The Holy Catholic and Apostolic Church (of which the parish is a part) is a body with a long history, and a wide geographical spread. It should, therefore, not be at all surprising that there are (and always have been) differences of practice within it; and that applies as much to the practice of fasting, as it does to the practices of prayer, and worship, that accompany it: what is said here about fasting can only be taken as a general guide.
‘Fasting’ is commonly understood as going without food for a limited period of time, but we more usually employ the term (in the church calendar) as days when we abstain from certain types of food and drink: on ‘Fast Days’ we mostly abstain from meat and fish (including any sea creature with a backbone), eggs and dairy products; also olive oil (other vegetable oils are often substituted) and wine (usually understood as including all alcoholic beverages).
However, fasting should also be done in secret: it is better to break the fast than to draw attention to the fact that we are fasting. In particular, when we are with people who are not keeping the fast, we should be careful to eat what we are given, and also to provide for others a choice of food: no one should be forced to fast.
In Britain, we have a long history of Catholic practice, and substituting fish for meat on Fridays is a well-known custom: however, the wider form of abstention outlined above is not so well-known, and neither is its extension to include all Wednesdays.
Similarly, Lent (or the ‘Great Fast’) is relatively well-known as a period of abstention in preparation for Easter (or ‘Pascha’) but not the fast before Christmas (or the ‘Nativity’) sometimes called the ‘Philip Fast’ (because it starts on 15th November, which is the day following St Philip’s Day). Even less well-known are the fasts in the summer: one before the Feast of SS Peter and Paul (29th June) and one before the Dormition (or Falling-Asleep) of the Most Blessed Virgin (15th August).
The church calendar tells us when these fasts begin (including a number of days not mentioned here) and also those ‘Fast Days’ when fish, wine or oil are allowed: the Calendar published by the Orthodox Fellowship of St John the Baptist is recommended for use in our parish.

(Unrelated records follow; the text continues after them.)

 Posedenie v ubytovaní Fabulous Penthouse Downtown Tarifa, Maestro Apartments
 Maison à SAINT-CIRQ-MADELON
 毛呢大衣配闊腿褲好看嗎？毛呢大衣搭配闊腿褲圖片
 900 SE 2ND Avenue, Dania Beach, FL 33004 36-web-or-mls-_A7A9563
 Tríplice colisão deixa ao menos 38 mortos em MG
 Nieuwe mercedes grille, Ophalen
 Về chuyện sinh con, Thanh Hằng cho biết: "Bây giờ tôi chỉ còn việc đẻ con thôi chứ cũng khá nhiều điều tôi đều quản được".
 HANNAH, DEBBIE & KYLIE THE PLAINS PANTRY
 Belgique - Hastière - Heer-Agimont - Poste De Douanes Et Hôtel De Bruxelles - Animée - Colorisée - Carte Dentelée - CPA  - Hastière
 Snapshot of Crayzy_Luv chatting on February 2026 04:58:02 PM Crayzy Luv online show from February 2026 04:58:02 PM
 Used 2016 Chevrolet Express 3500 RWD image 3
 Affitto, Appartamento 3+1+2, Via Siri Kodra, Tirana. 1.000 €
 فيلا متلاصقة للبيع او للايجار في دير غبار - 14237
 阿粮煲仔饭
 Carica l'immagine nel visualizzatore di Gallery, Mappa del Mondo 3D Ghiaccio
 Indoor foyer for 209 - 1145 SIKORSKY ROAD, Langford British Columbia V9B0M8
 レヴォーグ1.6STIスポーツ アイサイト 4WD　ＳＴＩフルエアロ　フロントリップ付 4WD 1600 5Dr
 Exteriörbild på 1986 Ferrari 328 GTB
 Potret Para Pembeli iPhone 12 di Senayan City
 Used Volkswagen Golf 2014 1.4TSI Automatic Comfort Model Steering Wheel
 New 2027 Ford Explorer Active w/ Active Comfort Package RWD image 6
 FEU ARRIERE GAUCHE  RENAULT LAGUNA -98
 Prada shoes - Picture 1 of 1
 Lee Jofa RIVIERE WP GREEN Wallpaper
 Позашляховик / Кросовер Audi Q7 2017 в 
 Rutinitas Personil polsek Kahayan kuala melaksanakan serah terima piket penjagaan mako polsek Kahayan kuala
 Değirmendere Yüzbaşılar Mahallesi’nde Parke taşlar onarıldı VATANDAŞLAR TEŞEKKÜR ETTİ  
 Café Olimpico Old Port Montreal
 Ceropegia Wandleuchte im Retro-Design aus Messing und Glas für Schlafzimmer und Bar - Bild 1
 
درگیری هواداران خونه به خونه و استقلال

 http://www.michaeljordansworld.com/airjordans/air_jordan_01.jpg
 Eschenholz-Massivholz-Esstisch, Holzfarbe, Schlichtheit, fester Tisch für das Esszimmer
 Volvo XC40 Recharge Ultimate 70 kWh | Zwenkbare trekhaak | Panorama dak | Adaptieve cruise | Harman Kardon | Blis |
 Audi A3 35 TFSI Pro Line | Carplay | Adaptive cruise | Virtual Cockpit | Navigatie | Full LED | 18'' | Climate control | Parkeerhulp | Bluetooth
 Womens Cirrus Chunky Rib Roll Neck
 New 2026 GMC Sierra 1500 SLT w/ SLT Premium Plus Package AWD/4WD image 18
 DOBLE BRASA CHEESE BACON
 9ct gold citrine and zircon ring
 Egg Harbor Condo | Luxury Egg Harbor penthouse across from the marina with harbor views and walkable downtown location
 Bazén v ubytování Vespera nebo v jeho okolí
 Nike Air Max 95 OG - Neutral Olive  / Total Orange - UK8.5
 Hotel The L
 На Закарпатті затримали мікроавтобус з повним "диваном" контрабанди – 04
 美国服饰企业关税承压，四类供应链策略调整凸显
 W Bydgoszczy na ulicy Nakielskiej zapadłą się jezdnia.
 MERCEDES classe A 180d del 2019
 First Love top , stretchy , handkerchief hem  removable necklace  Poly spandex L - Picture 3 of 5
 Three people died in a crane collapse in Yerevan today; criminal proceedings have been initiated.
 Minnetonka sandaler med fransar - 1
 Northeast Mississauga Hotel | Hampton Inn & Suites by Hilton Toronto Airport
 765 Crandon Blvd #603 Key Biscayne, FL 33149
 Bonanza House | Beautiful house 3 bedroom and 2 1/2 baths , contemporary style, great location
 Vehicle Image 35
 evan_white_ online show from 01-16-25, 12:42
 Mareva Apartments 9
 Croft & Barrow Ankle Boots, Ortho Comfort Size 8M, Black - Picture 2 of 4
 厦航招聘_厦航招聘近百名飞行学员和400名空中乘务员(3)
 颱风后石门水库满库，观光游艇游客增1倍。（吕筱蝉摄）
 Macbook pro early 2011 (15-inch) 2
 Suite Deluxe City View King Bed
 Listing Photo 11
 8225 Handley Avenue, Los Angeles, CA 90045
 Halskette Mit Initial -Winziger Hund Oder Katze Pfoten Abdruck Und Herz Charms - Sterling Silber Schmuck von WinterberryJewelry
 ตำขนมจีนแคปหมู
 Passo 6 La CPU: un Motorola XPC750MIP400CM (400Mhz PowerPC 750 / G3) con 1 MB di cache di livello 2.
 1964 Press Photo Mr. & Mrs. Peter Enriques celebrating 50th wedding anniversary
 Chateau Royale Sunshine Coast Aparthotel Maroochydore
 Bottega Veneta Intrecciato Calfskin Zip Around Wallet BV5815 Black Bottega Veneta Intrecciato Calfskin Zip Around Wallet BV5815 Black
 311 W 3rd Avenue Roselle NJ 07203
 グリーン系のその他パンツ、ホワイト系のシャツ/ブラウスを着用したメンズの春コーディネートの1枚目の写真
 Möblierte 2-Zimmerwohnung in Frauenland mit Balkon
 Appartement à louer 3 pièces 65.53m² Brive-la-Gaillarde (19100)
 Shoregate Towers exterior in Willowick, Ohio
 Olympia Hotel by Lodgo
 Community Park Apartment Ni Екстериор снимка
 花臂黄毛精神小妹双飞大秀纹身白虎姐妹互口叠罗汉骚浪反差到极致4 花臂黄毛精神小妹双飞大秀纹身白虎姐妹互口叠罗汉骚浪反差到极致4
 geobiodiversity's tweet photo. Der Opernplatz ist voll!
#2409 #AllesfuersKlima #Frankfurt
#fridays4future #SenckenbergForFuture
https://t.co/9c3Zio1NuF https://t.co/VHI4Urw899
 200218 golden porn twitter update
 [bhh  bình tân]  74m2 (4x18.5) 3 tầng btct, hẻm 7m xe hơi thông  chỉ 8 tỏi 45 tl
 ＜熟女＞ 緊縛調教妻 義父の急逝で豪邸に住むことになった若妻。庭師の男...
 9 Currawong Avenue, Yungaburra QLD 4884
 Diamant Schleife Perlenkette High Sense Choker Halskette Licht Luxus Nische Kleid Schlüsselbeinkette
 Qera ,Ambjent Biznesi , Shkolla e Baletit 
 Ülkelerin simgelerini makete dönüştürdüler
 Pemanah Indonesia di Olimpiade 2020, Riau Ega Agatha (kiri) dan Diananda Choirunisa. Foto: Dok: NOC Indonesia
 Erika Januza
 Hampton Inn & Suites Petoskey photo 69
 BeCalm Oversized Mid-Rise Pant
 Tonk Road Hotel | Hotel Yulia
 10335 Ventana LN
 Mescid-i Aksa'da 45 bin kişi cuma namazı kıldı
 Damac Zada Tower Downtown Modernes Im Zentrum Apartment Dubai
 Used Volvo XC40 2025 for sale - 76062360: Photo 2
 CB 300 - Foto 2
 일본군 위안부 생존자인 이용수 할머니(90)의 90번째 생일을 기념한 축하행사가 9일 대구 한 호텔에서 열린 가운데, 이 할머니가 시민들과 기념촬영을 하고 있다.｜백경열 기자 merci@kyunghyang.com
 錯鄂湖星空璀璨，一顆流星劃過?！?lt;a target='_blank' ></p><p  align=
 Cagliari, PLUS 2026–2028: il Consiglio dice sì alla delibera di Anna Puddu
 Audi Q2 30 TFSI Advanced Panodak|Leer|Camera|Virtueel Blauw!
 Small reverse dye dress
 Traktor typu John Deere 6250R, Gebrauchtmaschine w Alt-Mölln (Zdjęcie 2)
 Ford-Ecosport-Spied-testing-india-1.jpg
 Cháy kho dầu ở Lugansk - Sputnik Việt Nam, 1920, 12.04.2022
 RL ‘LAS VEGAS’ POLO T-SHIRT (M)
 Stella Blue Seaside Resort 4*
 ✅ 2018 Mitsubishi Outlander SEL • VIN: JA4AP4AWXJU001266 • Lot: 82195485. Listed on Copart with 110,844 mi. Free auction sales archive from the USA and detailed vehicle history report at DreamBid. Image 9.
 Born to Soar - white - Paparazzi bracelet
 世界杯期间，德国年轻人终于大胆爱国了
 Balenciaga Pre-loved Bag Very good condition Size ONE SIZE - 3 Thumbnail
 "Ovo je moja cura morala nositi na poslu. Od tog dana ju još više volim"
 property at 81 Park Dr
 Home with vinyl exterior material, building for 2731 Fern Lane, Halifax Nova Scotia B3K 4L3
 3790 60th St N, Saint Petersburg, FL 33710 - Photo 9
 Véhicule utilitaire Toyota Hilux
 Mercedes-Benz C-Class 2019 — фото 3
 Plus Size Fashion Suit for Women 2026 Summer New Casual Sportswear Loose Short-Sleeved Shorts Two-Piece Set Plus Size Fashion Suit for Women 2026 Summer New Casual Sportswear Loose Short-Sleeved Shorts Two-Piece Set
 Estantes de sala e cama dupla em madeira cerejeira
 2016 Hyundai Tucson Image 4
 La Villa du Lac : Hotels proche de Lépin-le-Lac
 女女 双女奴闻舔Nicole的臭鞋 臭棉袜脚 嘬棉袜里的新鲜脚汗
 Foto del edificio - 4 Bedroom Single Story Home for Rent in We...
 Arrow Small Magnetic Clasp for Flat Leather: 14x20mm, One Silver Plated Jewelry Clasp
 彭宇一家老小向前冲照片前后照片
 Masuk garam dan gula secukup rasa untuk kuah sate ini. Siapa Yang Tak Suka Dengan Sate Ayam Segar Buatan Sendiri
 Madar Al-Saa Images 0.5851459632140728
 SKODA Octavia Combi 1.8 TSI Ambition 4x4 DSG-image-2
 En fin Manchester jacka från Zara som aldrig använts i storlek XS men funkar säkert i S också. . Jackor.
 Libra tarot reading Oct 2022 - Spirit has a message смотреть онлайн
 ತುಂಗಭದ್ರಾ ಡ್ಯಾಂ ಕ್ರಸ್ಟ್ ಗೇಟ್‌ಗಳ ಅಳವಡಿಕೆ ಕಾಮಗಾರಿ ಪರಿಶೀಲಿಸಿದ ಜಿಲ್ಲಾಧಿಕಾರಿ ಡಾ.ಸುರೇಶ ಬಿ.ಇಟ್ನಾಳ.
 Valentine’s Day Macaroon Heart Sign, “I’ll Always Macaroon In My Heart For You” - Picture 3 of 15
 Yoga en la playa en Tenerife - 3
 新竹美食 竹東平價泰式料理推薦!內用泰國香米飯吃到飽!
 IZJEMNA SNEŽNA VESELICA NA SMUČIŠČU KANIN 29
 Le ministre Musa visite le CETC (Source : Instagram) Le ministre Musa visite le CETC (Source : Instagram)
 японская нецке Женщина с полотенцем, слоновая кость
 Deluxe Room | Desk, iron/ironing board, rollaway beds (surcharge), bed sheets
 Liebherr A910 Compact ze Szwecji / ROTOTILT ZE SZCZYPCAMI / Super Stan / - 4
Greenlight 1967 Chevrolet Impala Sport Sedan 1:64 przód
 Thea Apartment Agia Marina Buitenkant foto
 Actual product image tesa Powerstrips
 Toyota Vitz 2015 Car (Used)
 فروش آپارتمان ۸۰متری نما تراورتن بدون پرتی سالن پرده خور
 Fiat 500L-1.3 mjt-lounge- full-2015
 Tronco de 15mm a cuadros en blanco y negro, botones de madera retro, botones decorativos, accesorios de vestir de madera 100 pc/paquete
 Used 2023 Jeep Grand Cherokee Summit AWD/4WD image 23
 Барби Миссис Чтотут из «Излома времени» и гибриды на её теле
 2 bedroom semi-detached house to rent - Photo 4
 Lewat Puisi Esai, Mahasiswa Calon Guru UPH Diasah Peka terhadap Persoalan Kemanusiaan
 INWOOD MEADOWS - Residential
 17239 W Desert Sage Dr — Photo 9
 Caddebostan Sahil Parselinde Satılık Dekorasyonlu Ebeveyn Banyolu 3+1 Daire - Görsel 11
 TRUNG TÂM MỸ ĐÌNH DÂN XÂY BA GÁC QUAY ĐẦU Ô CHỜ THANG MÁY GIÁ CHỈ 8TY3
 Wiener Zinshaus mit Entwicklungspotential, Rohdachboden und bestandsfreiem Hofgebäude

‘Fasts’ and ‘Fast Days’ are noted in the church calendar, but the calendar also contains the principal scripture readings (and the names of the saints that are more commonly commemorated) for each day of the year: fasting (as briefly described above) is offered to us by the Church to be used along with prayer (in company with the Saints and the heavenly host). Fasting without prayer will damage you emotionally: if you fast, and find that you are becoming irritable or angry, then either find more time for prayer, or relax the fasting. The change of diet is offered as a help to prayer, and prayer is a way of releasing our spirit to love. If you have loved, and served your family, your friends, your neighbours, and your enemies, you have kept the fast.